The Civic League advocated for Black men to be allowed on the police force, Hopkins said.

Carrie Foster (Source: Provided)

It also increased Black property ownership and spurred the creation of the Hallie Hugh Brown Women’s Legislative Group, led by Carrie Foster, who used her job working in Lancaster city’s comfort stations to advocate for equal housing, recreation options and more.

The final president of the Negro Civic League was the choir master of the Bethel congregation, Abram Polite, whose descendants remain active in the southeast Lancaster community.

Polite helped found the Lancaster NAACP, which was organized at Bethel AME in June 1923. According to Hopkins, the Lancaster NAACP “didn’t really become a direct force in the community” until 1963, when the Rev. Alexander Stephens arrived and helped to orchestrate the Rocky Springs protest that Hopkins participated in. That protest “broke the ice locally” on Civil Rights activism, he said.

In the Civil War era, Bethel AME served an important role on the Underground Railroad. The congregation offers a dramatization called “Living the Experience,” which details events like the Christiana Riot from the perspective of people who lived through it.

A local plaque explains the role of Robert Boston, a Black barber, in helping local abolitionists keep escapees on the Underground Railroad from being captured. Boston went on to become a pastor. In 1870, when the 15th Amendment was passed granting African American men the right to vote, he led a march from Bethel through town to the Musser Mansion in celebration at the request of the Equal Rights League.

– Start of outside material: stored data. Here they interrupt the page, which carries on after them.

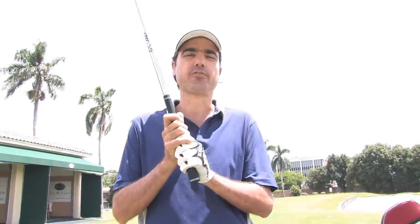Hello, welcome. My name is Julio Noot. I'm a master instructor at the Jim McLean Golf School in Miami, Florida. In this clip, we're going to talk a little bit about the grip. It's a very important part of the golf game, how your hands are taking the golf club.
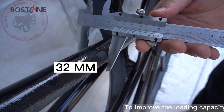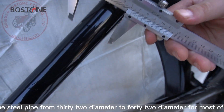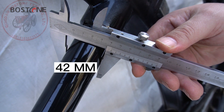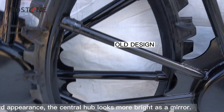To improve the loading capacity, we have replaced the steel pipe from 32 diameter to 42 diameter for most of the high rubber solid wheels. We have also improved the entire outward appearance — the central hub looks more bright as a mirror.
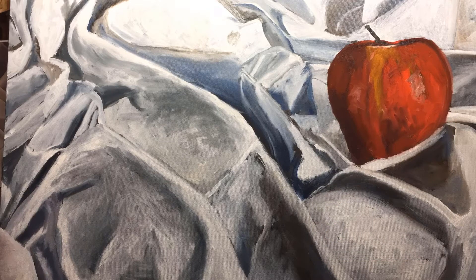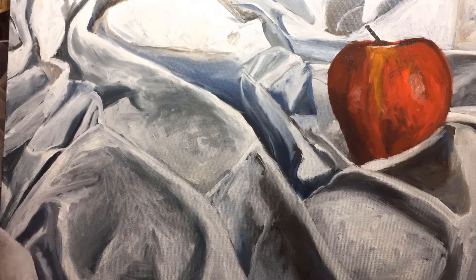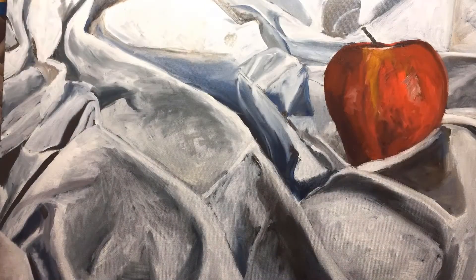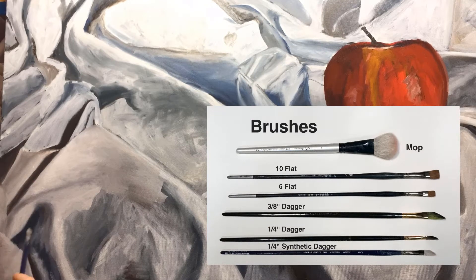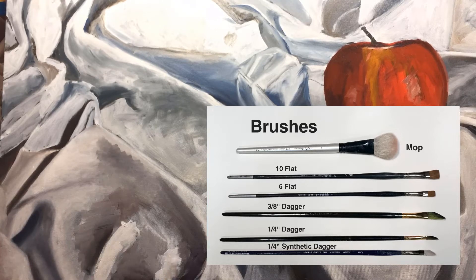Temperature shifts are just as important as value shifts. You see I'm laying in the lights, the mediums, the darks — all where they belong — and then I start modeling and working them with these brushes. I've got the mop brush, the two flats — the ten and the six, which are the red sable — and then the three-eighths dagger.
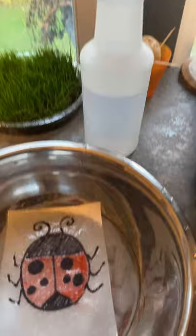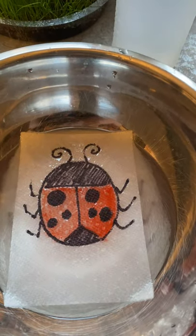Hi friends, I'm back to do the paper towel experiment with our ladybug. Since it's bug week, I'm gonna do a couple of things — I'm gonna do the ladybug and then I'm gonna try to do a bumblebee. First I wanted to show you how it comes out for the ladybug — so there's our ladybug.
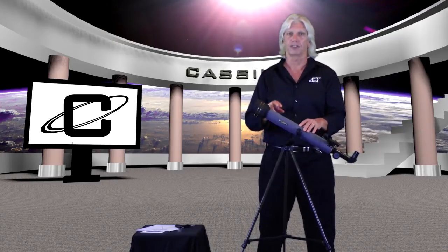Hi, my name is Mike Whitmire and the purpose of this video is to introduce you to the Cassini C650 Astro-Terrestrial Refracting Telescope. I'm also going to walk you through the assembly process, so let's get started.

He proposed an unsuccessful resolution, in August of that year, that Black men should vote for the Republican party if the party served them in protest of President Andrew Johnson.

Click to enlarge. (Source: Historical Marker Database)

Connecting the past to the present

When thinking about Black History Month, it’s “important to remember the struggle that is still going on,” Hopkins said. “There are local histories that still need to be discovered and appreciated.”

For example, Hopkins believes that “every schoolkid in Lancaster County” should know about William Whiffer and Steven Smith, who were wealthy local entrepreneurs and philanthropists who helped fugitives escape slavery.

Smith, in particular, was remarkable: He was a former indentured servant who bought his and his wife’s freedom and bought the lumber yard that he managed, which was turning annual profits of $50,000 in the 1850s under his supervision.

“Black history is American history,” said Hopkins. “And when you suppress part of your population, you’re actually hurting the whole population. That’s the lesson to be learned from Black History Month: Perseverance and resilience.”